16 June 2025
Normalization optimizes tables in database management systems (DBMS) to meet what are known as normal forms: sets of rules governing how attributes are organized within a table. These rules are based largely on relationships between attributes (columns), including keys used for uniquely identifying rows.
At its core, database normalization—sometimes called data normalization—helps businesses and institutions more effectively organize, query and maintain large volumes of complex, interrelated and dynamic data. Though enterprises now generate and store data at an unprecedented scale, the need for database normalization isn’t new. It predates cloud storage and even the invention of data warehouses.
Since the 1960s, corporations have struggled to manage large datasets. In the 1970s, Edgar F. Codd, the IBM mathematician known for his landmark paper introducing relational databases, proposed that database normalization could avoid “undesirable” dependencies between attributes (columns) and the problems they can create.
In other words, when data records are related to each other in a database structure, changes to single values or rows in a large, complicated table might yield unintended consequences—such as data inconsistency and data loss. Database normalization is designed to minimize such risks.
The benefits of database normalization include:
When larger, more complicated tables are decomposed (or divided) into smaller, simpler tables, altering a database becomes an easier, less error-prone process, and limits changes to the now-smaller tables of related data.
While intentional data redundancy can help improve data quality, security and availability, uninentional data redundancy is the effect of systems inadvertently creating duplicate data, which results in inefficiencies.
Reducing duplicate data through database normalization can lower data storage costs. This is especially important for cloud environments where pricing is often based on the volume of data storage used.
Less data redundancy due to normalization can also lead to faster data queries as lower redundancy often requires less data processing during searches.

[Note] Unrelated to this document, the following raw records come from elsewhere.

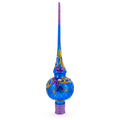 Purple Jewels Golden Leaves on Blue Glass Christmas Tree Topper 11 Inches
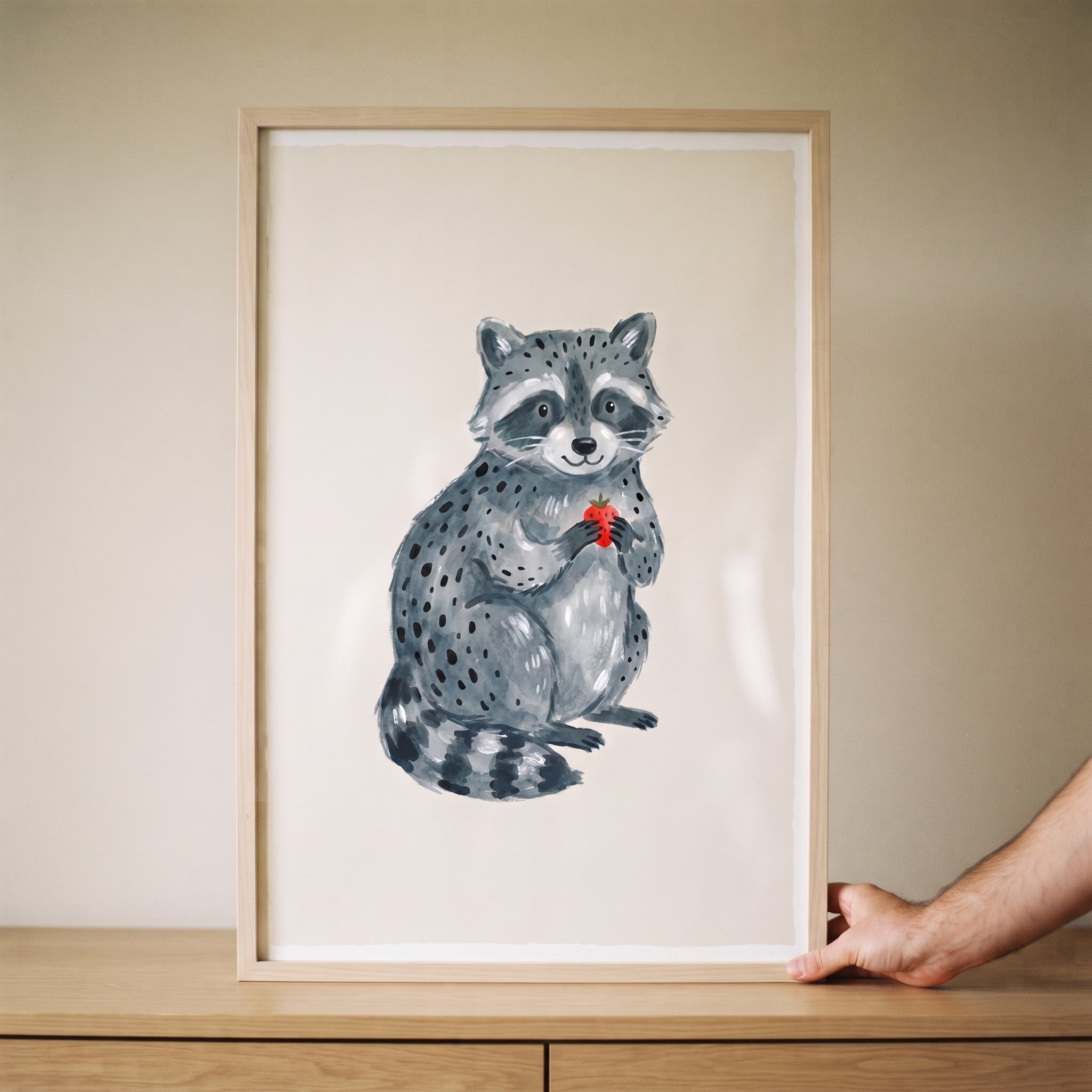Holding Strawberry Grey Raccoon Wall Art - Berry Sweet Raccoon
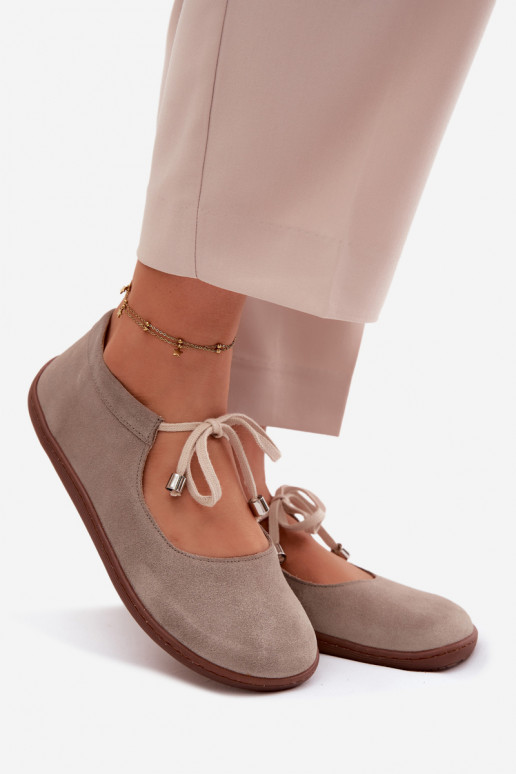 Suède leren barefoot ballerina's met banden Zazoo 021, cappuccino kleur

The normalization of data structures can prevent three key types of anomalies:
Insertion anomalies: An insertion anomaly occurs when a data record cannot be inserted into a table because it is missing values required by one or more columns in the table.
Deletion anomalies: A deletion anomaly occurs when the deletion of a record results in the unintentional deletion of important data included in that record.
Update anomalies: An update anomaly occurs when an instance of data is updated in one location in a database but not in other locations where that data value is also stored, resulting in a lack of data consistency.
In relational databases, a key is a column or an ordered collection of columns used to identify rows of data in a table. Keys in relational models also establish associations between related tables. These capabilities support successful, efficient SQL database queries. Keys that figure prominently in database normalization rules include:
A primary key is a column or columns in a database table with values that serve as unique identifiers for each row or record. For example, a student ID column could be a primary key in a table of student information. Defining characteristics of primary keys are that they exclude null values, have no duplicate values and may consist of either single columns or multiple columns.
Keys that consist of two or more columns are called composite keys. When primary keys are composite keys, they may be called composite primary keys.
A candidate key is a column or group of columns that has the characteristics of a primary key but has not been assigned primary key status.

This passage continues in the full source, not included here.